See docs/model_persistence.rst for the user-facing guide.
- pyod.utils.persistence.compat_load(path: Any, mmap_mode: str | None = None) Any[source]¶
Load an artifact whose sklearn Tree node dtype no longer matches.
Mirrors joblib.load but plugs a dispatch-table override into joblib’s unpickler so that sklearn Tree state is realigned to the running sklearn dtype before Tree.__setstate__ raises.
Realignment is name-based and bounded by _TREE_NODE_FIELD_DEFAULTS plus _TREE_NODE_FIELD_RENAMES. Unknown added/removed fields, dtype kind/signedness/itemsize changes, and shape changes raise ValueError. Same-name byte-order-only differences realign safely.
Emits a UserWarning recommending re-fit ONLY when at least one Tree was actually realigned. A no-op pass-through on a non-tree artifact is silent.
Parameters¶
- pathstr, pathlib.Path, or file-like
The artifact to load.
- mmap_modestr or None, default None
Forwarded to joblib’s underlying load path. Supported values mirror joblib’s: None, ‘r’, ‘r+’, ‘w+’, ‘c’.
Returns¶
- objAny
The raw top-level object from the file (a fitted detector for legacy raw saves; an envelope dict for Phase 2 saves). Callers that need envelope unwrapping should use load().
- pyod.utils.persistence.load(path: Any, strict: bool = False, return_metadata: bool = False) Any[source]¶
Load a PyOD detector saved by save() or by raw joblib.dump.
load() understands three input shapes:
An envelope dict written by save(). The envelope’s recorded dependency versions are compared against the running environment. Drift in sklearn, joblib, numpy, or scipy emits a UserWarning; strict=True raises ValueError instead.
A raw detector object written by joblib.dump(clf, path) on a previous PyOD release.

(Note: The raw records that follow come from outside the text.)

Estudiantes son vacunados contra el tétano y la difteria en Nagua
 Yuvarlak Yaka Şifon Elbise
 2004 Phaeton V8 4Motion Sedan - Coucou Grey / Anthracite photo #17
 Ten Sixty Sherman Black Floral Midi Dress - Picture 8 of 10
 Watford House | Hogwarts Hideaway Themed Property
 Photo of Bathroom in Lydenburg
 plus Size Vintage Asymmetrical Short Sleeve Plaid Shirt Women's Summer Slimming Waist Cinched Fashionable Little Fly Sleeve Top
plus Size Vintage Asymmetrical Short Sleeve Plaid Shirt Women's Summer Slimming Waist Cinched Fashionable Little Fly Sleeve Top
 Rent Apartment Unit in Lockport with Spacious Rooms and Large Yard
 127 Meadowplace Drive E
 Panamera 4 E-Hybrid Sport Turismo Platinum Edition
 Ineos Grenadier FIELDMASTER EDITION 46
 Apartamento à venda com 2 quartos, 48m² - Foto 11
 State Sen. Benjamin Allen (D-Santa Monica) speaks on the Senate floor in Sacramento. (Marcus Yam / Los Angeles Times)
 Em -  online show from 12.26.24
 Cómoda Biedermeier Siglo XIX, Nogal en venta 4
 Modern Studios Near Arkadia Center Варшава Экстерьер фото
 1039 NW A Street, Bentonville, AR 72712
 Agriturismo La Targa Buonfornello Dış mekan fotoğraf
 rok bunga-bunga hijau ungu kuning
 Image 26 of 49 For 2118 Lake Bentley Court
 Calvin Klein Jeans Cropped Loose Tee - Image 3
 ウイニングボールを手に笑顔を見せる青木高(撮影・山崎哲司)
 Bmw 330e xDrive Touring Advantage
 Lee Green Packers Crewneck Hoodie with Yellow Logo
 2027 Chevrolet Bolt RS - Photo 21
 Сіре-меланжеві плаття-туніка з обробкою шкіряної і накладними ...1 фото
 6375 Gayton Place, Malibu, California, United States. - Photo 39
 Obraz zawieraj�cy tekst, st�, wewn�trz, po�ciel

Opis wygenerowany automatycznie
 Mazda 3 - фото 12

Returned as-is when strict=False; raises under strict=True because legacy artifacts have no envelope to verify.
A file that fails the initial joblib.load with the sklearn Tree node dtype error. load() falls through to compat_load(path) and routes the recovered object through the same envelope/legacy handler. See module docstring.
Parameters¶
- pathstr or pathlib.Path
Path to the artifact.
- strictbool, default False
When True, version drift in any warn-severity dependency raises ValueError. info-severity drift (Python version) never raises. Legacy artifacts without an envelope also raise under strict mode.
- return_metadatabool, default False
When True, return
(model, envelope_without_model_field)instead of just the model. For legacy artifacts the second element isNone.
Returns¶
- modelAny
The unpickled model. When return_metadata=True, returns
(model, envelope_dict_or_None).
Raises¶
- ValueError
On schema-version mismatch, strict-mode drift, strict-mode legacy artifacts, or after a successful compat repair under strict mode.
- pyod.utils.persistence.save(model: Any, path: Any, metadata: dict | None = None) None[source]¶
Save a fitted PyOD detector with a versioned envelope.
The envelope records every dependency version that can affect pickle/joblib layout, plus a save timestamp and a user-supplied metadata dict. The actual model object is written via
joblib.dump; the only difference from rawjoblib.dump(clf, path)is that the model is wrapped in a header dict the matchingload()recognizes.Parameters¶
- modelAny
The fitted detector to save. Anything picklable will work; PyOD BaseDetector subclasses are the typical case.
- pathstr or pathlib.Path
Destination file path.
- metadatadict or None
Optional user-supplied metadata (training dataset id, feature schema hash, run id, anything). No schema is imposed; the dict round-trips as-is.
Returns¶
None
Notes¶
Loading the file with raw
joblib.loadreturns the envelope dict, not the model. Useload()from this module to unwrap.